Please quote exactly the lines below from the line containing "Italy, 50,000 Lira, P107c" to the line containing "Blue Collar Button", both lines included, and nothing else.

_The records:_
*****

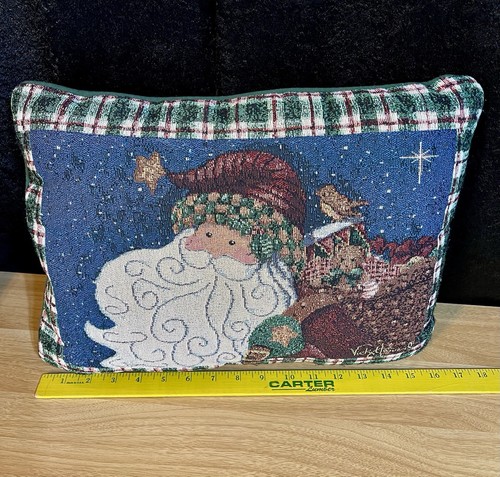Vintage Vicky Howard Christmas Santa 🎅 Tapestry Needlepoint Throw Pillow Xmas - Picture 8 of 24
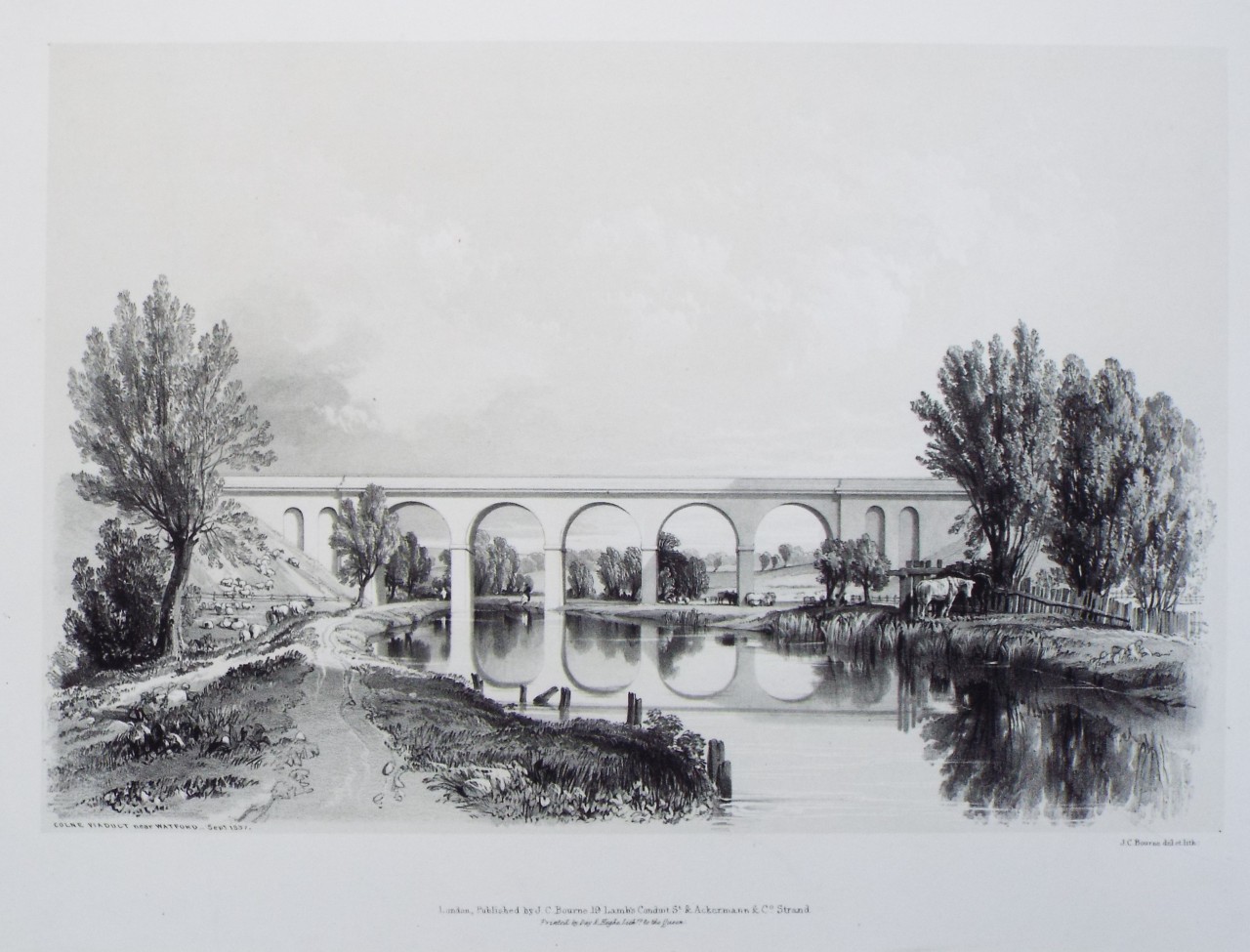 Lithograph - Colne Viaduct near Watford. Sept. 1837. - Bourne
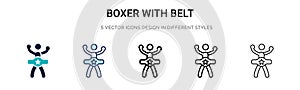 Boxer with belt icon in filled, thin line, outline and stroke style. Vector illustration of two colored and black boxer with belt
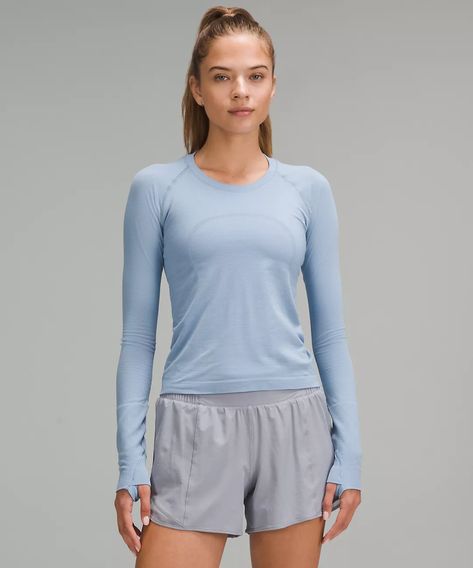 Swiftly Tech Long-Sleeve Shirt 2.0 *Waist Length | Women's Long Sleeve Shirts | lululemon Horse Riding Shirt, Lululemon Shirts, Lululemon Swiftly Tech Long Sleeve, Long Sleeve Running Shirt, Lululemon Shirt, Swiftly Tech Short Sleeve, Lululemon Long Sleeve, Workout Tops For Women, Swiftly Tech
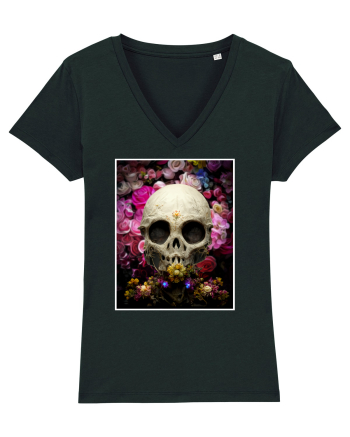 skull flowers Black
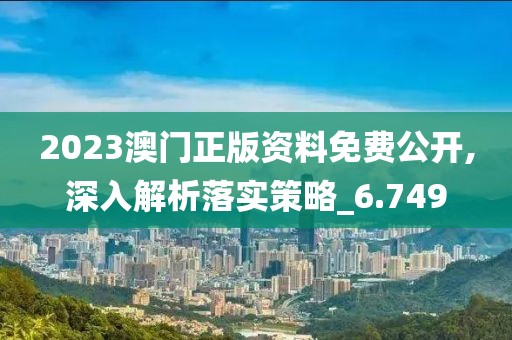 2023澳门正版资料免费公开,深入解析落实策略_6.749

*****

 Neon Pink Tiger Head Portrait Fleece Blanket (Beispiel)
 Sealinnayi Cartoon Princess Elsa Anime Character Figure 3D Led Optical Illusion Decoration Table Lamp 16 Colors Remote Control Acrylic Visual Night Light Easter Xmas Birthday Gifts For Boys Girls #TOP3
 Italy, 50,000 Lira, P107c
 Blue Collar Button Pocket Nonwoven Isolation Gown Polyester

*****

_Result of the exercise:_
 Italy, 50,000 Lira, P107c
 Blue Collar Button Pocket Nonwoven Isolation Gown Polyester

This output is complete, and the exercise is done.